Seit Januar nimmt die Raffinerie an der Oder kein russisches Öl mehr ab. Doch die befürchteten Engpässe sind ausgeblieben.

Von Michael Bauchmüller

Der Weg des Öls - in der Kantine des einstigen Petrochemischen Kombinats (PCK) in Schwedt an der Oder findet er sich in einem meterlangen Mosaik, gleich an der Stirnseite der Kantine. Bohrtürme an der Wolga sind da zu sehen, und eine lange Leitung, die schließlich in Schwedt endet: die Druschba-Pipeline. Rostock und Danzig spielen auf der Karte keine Rolle, und auch nicht die Ölfelder in Kasachstan. Es sind die Orte, die Schwedt neuerdings versorgen - und das gar nicht so schlecht.

Das belegt auch die neueste Erfolgsmeldung. Nach Informationen der Süddeutschen Zeitung wird im Mai in Danzig ein zusätzliches Schiff festmachen, mit weiteren 135 000 Tonnen Rohöl für Schwedt. Für eine Raffinerie, die in der Spitze pro Monat eine Million Tonnen verarbeiten kann, ist das kein Pappenstiel. Möglich sei das durch die Verlängerung der Treuhandverwaltung geworden, sagt Michael Kellner (Grüne), der sich als Parlamentarischer Staatssekretär im Wirtschaftsministerium seit dem vorigen Jahr auch um die Zukunft der Raffinerie kümmert. "Die Treuhand wirkt und die Zusammenarbeit mit Polen funktioniert." Selten hat sich ein Grüner so über eine Öllieferung gefreut.

Die Zukunft der PCK-Raffinerie war lange ungewiss. Denn nicht nur über die Druschba-Pipeline war sie direkt mit Russland verbunden, sondern auch über den Mehrheitseigner - das war der russische Ölkonzern Rosneft. Mitte September aber übernahm der Bund die Treuhandverwaltung über das Unternehmen. Das sollte dem Augenblick zuvorkommen, in dem die russische Seite den Ölexport stoppt - und gleichzeitig jene Zeit vorbereiten, in der Deutschland auf russisches Öl verzichtet. Ein solches Embargo hatte Kanzler Olaf Scholz schon im vorigen Frühjahr für den Januar 2023 zugesagt.

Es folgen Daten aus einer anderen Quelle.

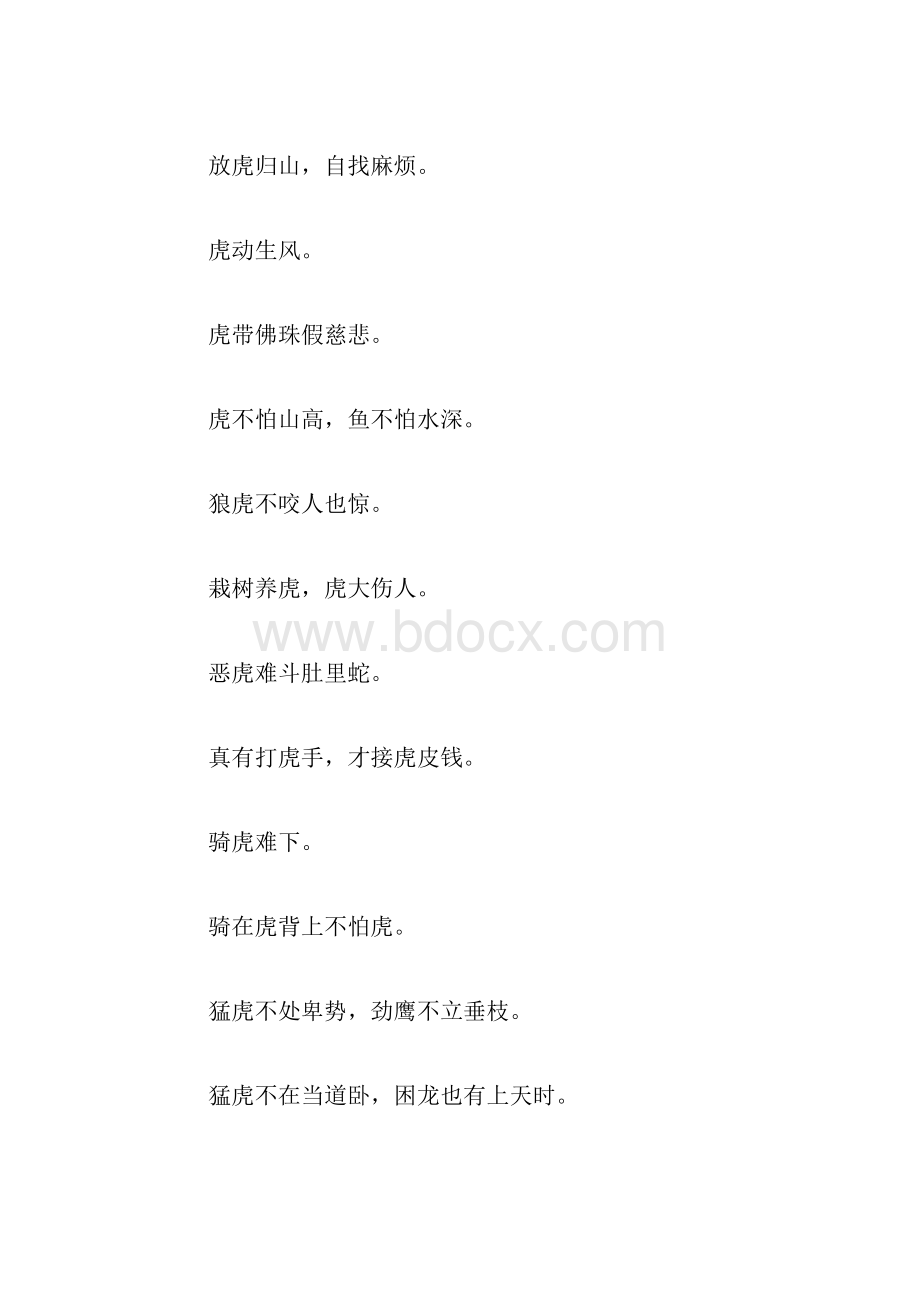 关于虎有谚语个人励志.docx_第2页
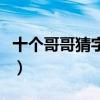 十个哥哥猜字谜打一字（十个哥打一字是什么）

Gerade für die Hauptstadt ist die Raffinerie wichtig, auch aus ganz praktischen Gründen. Sie versorgt den Flughafen mit Kerosin und die Tankstellen Berlins und Brandenburgs mit Benzin und Diesel. Ein Engpass in Schwedt wäre also rund um das Kanzleramt sehr unmittelbar spürbar. Das erklärt, warum jeder zusätzliche Öl-Tanker nun abgefeiert wird.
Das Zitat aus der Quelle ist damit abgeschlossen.